# Hitching in Canada, suggestions for a first timer?



## aneurysmamanda

i've always wanted to travel after highschool grad so i'm planning on hitching across canada with a friend. More then likely to end up out west (but who knows), then of course head back and go to montreal.

I was just wondering if there are any one else whos traveled a great distance within Canada, and if there was any tips suggestions or places to check out it would be greatly appriciated!


----------



## aneurysmamanda

yeah i know it gets cold everywhere outwest thats why were just heading out for the summer, its not nearly as bad.
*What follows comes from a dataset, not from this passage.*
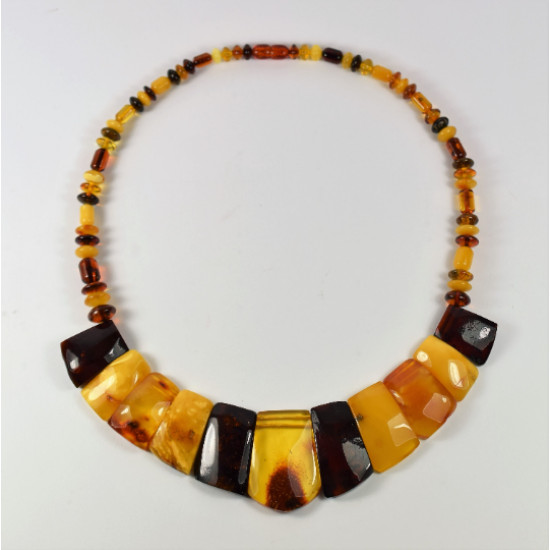 Nuostbūs gintariniai karoliai <Cleopatra> AN0050
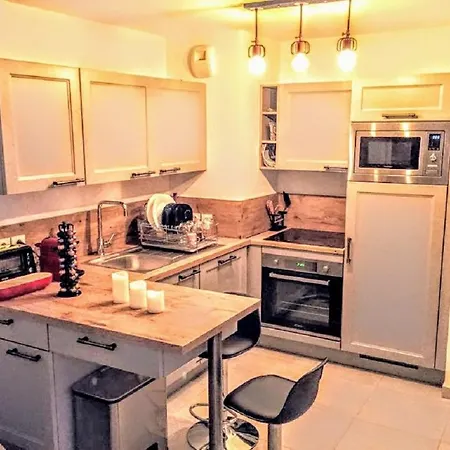Moderne T2 Avec Garage ,tres Calme Avec Jardin Prive Et Piscine, A 400m Du Centre Et Des Plages, Wifi Remise Supplementaire De 10 Pourcent Pour Location A La Semaine Кавалер-сюр-Мер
I've experienced canadian winters and i don't really feel like dealing with them stranded in the middle of saskachewan, but other then it being cold anyother suggestions like what to bring or places to stop at?


----------



## iamcrkt

Ah, yes. The ever so pivotal: "Where do I go?" and "What do I bring?" questions! Welllllll.... I find that it's really hard to answer these questions for anyone except myself. If you find yourself asking these questions then you should really be asking yourself these questions: "Am I cut for travelling?" and "Do I feel comfortable sleeping outside in many different types of weather?" and "Am I comfortable carrying just the necessities or do I need my whole bedroom?"...

Just some food for thought.


----------



## Mouse

this random dude friended me on myspace the other day... he's a full time canadian hitchhicker. he may be able to help you. 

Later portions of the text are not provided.